Total variable cost = Cost of consumables + cost of intravenous induction and maintenance drugs used + cost of inhalational agents + cost of O2+ cost of N2O + cost of other intravenous drugs used + cost of drugs left unused.

Total cost per case and total cost of wastage of drugs as a percentage of total cost of drugs loaded were also calculated and compared between groups to arrive at the cheapest modality of anesthesia per patient per hour.

We could not find a similar comprehensive study in literature to calculate the sample size.

Based on approximately 400 adult general anesthetics administered in our department from January to July 2014, we expected to recruit at least 250 patients according to our inclusion criteria.

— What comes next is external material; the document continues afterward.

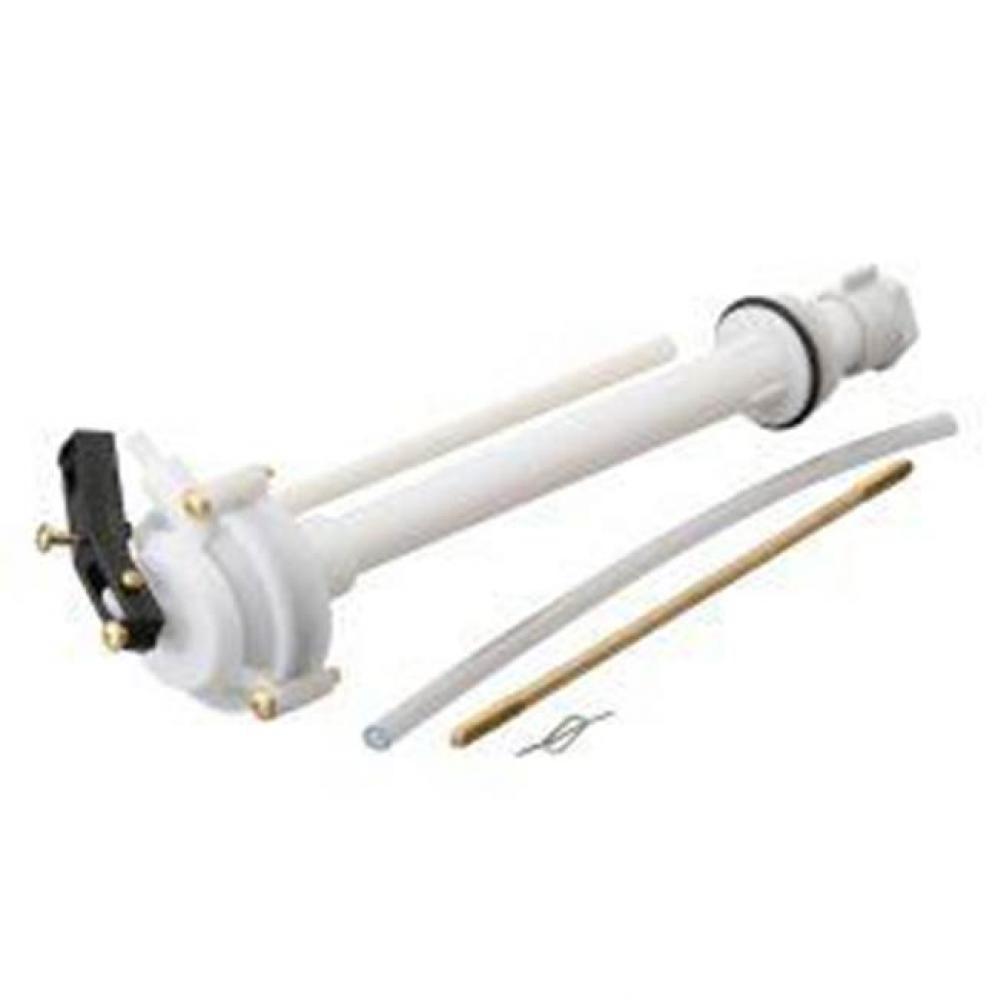 BALLCOCK ANTI-SYPHON 10'' PLSTC COAST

The data were compiled, tabulated, and statistically analyzed using SPSS version 23.0. Quantitative analysis of mean cost per case (± SD) between different modalities was done by Kruskal–Wallis test. Qualitative analysis of percentage of total wastage of drugs was analyzed using Kruskal–Wallis/Mann–Whitney U test. A P value of <0.05 was accepted as significant.


  Results Top


A total of 269 cases were recruited for the study. Four patients refused consent, duration of surgery was found to be more than 4 hours in three cases and in four cases multiple inhalational agents were used. Data from 258 cases were therefore tabulated and analyzed.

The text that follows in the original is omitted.